Alexa Kimball: And so I think-- and this has been the approach-- but we clearly need to be firing on all cylinders, because one solution's probably not going to be enough. We'll need several in order to get us through this. That said, we took a very bad hand and got through it here in Boston about as well as we could have, and I'm really proud of the work that we did, and really grateful to everyone who contributed.

Nothing makes me happier than being allowed to get back to doing some research and [inaudible] the regular clinical setting. It's both really good to see the patients and good to feel that sense of normal interaction, albeit under some slightly different circumstances. I think getting reopened in general is complicated. There's just tons of logistics, both in clinical care and in research, but they're all doable.

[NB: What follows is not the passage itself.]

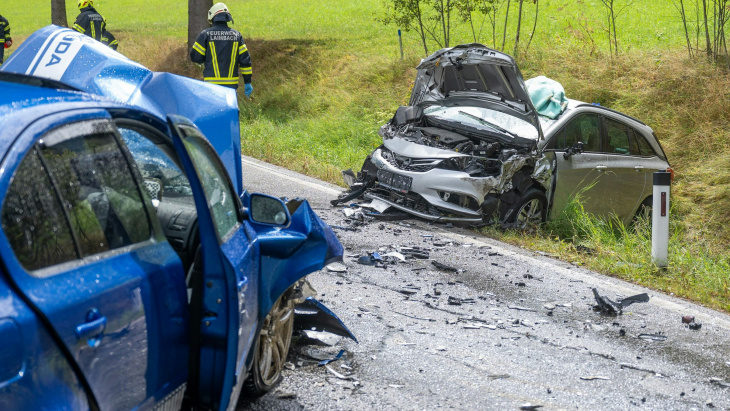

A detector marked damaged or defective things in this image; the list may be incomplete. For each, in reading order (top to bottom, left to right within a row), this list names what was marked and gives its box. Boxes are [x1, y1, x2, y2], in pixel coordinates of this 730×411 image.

It just takes a lot of planning to figure out what you need, who should come in, how do you contact them, how do you reschedule-- all of those types of things. And I think the main part we don't really know yet is how patients are going to feel about coming back. Already, we've seen a lot of people come back, and I would say, in my practice, of all different levels of intensity of their illness.

But we just don't know how people are going to feel about coming back into research or coming back in for things that maybe they don't view as important. And so we'll have to continue to communicate with them how important these things are and how-- the precautions that we have taken in every environment to really protect people-- both our staff and our patients as well.

Oby: Well, Dr. Kimball, thank you so much for being with us and having this conversation. It's been a pleasure.

Alexa Kimball: Thanks very much for including me.